IN PHOTOS: Lumad Bakwit School's moving-up ceremony

With pride and gratitude, 30 Lumad students graduated from junior high school last March 29.

In 2017, about 100 Lumad students, parents, and teachers mounted a Bakwit School in Metro Manila, a makeshift school for displaced indigenous children.

Bakwit is a colloquial term for evacuees. The Lumad, for instance, were forced to flee their homes following attacks – including those by state forces – on their schools and communities.

Save Our Schools Network, the host of the Lumad Bakwit School, has been reaching out to various institutions in the metropolis in the past few years to help displaced children continue their studies and to amplify the Lumad tribes' rallying call for education, ancestral lands, and self-determination, all of which are constitutional rights.

The Lumad Bakwit School Moving Up ceremony last March 29, 2019 is a testament to the significance of the Lumad struggle. Despite the destruction brought by Martial Law in Mindanao, 30 Lumad students successfully graduated from junior high school.

During the event, supporters belonging to various institutions from academic to religious stood as the parents of the students.
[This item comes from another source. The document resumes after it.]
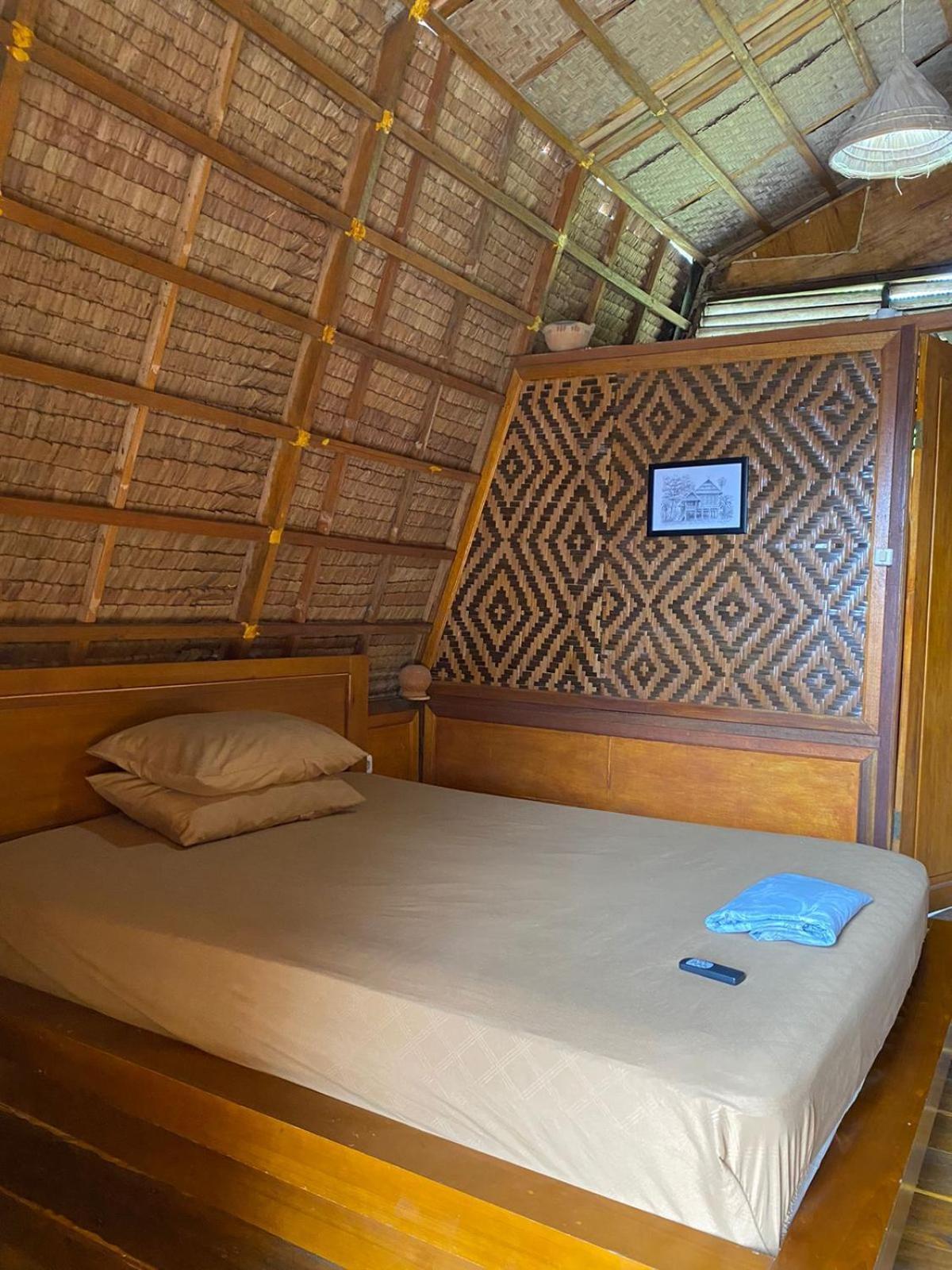 Rammang Rammang Ecolodge And Cafe Kasijala Extérieur photo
The Lumad students were more than happy to have people such as UP Diliman Chancellor Michael Tan and Bayan Muna president Satur Ocampo give them their certificates and medals along with an auditorium full of supporters to cheer them on on their special day.

The Moving Up ceremony signifies the successes brought by the militant Lumad spirit in the form of Save Our Schools Network and ultimately, the need to stand firmly with Lumad schools.

As long as violence exists in the indigenous communities of Mindanao, the experience of having to bakwit will consume the Lumad youth’s childhoods for generations to come.